▶ TASK DIRECTIONS:
Once you find the line containing "卡赛琳carsailn/ 镀K金 时尚百搭黑色双面小众经典项链 4716" in the data below, copy it and each following line exactly, up to and including the line containing "Klawiatura Logitech Wireless", and nothing else.

Top of MATERIAL TO PROCESS

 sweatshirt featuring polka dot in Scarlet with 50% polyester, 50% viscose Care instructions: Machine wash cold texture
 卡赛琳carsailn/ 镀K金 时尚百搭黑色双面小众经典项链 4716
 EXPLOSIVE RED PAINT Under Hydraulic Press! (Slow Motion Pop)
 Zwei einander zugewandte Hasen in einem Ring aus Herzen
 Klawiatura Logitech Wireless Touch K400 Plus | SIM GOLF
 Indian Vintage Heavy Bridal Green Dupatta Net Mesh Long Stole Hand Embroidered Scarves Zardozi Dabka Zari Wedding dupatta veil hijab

Bottom of MATERIAL TO PROCESS

▶ RESULT FOR THIS TASK:
 卡赛琳carsailn/ 镀K金 时尚百搭黑色双面小众经典项链 4716
 EXPLOSIVE RED PAINT Under Hydraulic Press! (Slow Motion Pop)
 Zwei einander zugewandte Hasen in einem Ring aus Herzen
 Klawiatura Logitech Wireless Touch K400 Plus | SIM GOLF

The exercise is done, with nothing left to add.